まあ、この世界にプライバシーなんて概念無いだろうけどさ。
おや、アンが剣を抜いてるな。
それに、蛇や犬も臨戦態勢のように見える。
『………何かと戦ってるのか?』
映像からはアン達しか見えないが、何かと戦ってる様だ。
まあ、見た感じ余裕っぽいし問題ないだろう。
機材に触れないように慎重に歩く。
体が大きくなったから、あちこち触れないようにするのも大変だ。
フライとかが使えたら楽なのになぁ。
あ、ベルク発見。
うわ、すっげぇ汚れてる。
それに、涎を垂らしながら、白目をむいているよ。
「ふぉふぉふぉ~……エリベル様ぁ……素材集めの方は終わりましたぞぉ~……ふぉふぉふぉ……」
…………今日で徹夜何十日目なんだろう?
うわ言を呟きながら、にやにやしているが、幻覚でも見ているんだろうか?
何もない空中に向かって、手を動かしている。
周辺には、何やら良く分からない植物や木の実、動物の死骸なんかが散乱してる。
多分、研究素材だと思うんだけど、見た感じ危ないホームレスのおっさんにしか見えない。
……そっとしておこう。
さて、エリベルはどこだ?
俺は辺りを見渡す。
あ、居た。
何やら地面に胡坐をかいて、何やら作っている。
………何を作ってるんだ?
見れば小さな魔石の様な物体に、少しずつ魔術印の様なものが刻まれてゆく。
エリベルは集中しているらしく、こっちに気付いてない。
『おーい、エリベルー!来たぞー!』
思念通話を飛ばす。
あ、気付いてくれない。
その後、七回くらい思念通話を送ってようやくこっちの方を見た。
「あら、アース。ようやく来たのね。待ちくたびれたわよ」
いや、それ俺のセリフ。
流石にちょっと泣きそうになったよ。
『何を作ってたんだ?』
「ん、これの事?」
そう言ってエリベルは、先ほどいじっていた魔石を見る。
「デッサン型に新たに組み込む魔石よ。この魔石を埋め込めば、限定的だけどデッサン型も魔術を使うことが出来るわ」
『へぇ……そんな事が可能なのか?』
かなり便利じゃんか。
『でも、デッサン型は戦闘には向かないぞ?』
あいつ等、超弱いし。
寿命一か月の疲れない普通の人間程度の力しか無い。
「まあね、戦闘用じゃないわ。決められたこと以外は出来ないし、これは中層以降のトラップ作りに使おうと思ってね」
『ああ、成程な』
今回のダンジョンは、原始的な落とし穴や、落石のほかにも魔術的な罠も仕掛ける予定だ。

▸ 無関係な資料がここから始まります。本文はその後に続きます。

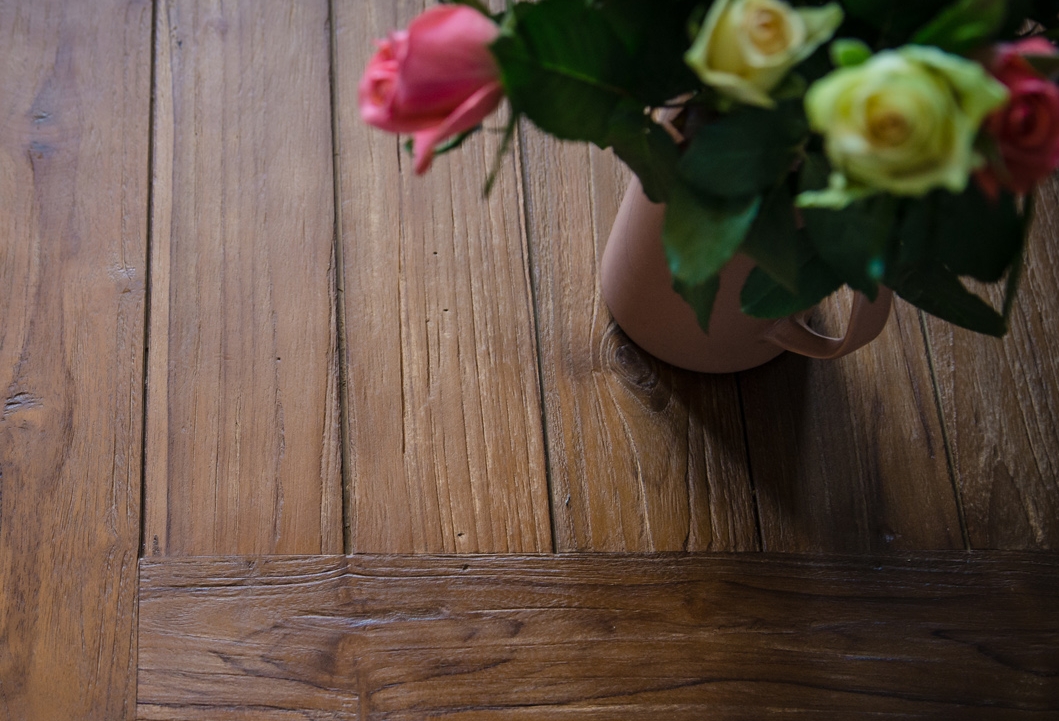 ELEPHANT coffee table. Java Coffee rustic finish. FSC® certified reclaimed teak.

だが、俺たちの中で、本格的な魔術が使えるのは、エリベル、ベルク、ウナ、ドス、トレスの五人だけ。
作るダンジョンに対して圧倒的に人手が足りない。
それを補うための、デッサン型の強化という訳だ。
「この魔石に組んだ術式を使えば、アンちゃんの提案した“串焼きルーム”と“獄炎床”や、ウナちゃんが考えた“粉砕壁”、“水糸沼”辺りなら、デッサン型でも作る事が出来るわ。量産は難しいけど、今よりかは、トラップを作るスピードが上がると思うわよ」
そりゃ、助かるわ。
ダンジョンそのものは、デッサン型や、アンの子蟻達が増えてる甲斐もあって、順調にその規模を拡張させている。
だが、肝心のトラップや特殊環境が、その進行に追いついていないのだ。
ちなみに特殊環境とは、ダンジョンの中に疑似的な森や岩場を作る事を指す。
今のところ、岩場、沼地、雪原、熔岩地帯の四つは中層以降のダンジョンに作る事に成功している。
沼ゴーレムや雪ゴーレム、熔岩ゴーレム達を作っていたのが功を奏した。
彼らをそのまま、中層ダンジョンへと移動させ、そのまま肉体を増やしてもらったのだ。
もちろんそれぞれのエリアは離して作ってある。
特に熔岩地帯は熱や温度の関係で維持や周辺フロアへの影響が凄まじいのだ。
この辺りも、調整が必要かね。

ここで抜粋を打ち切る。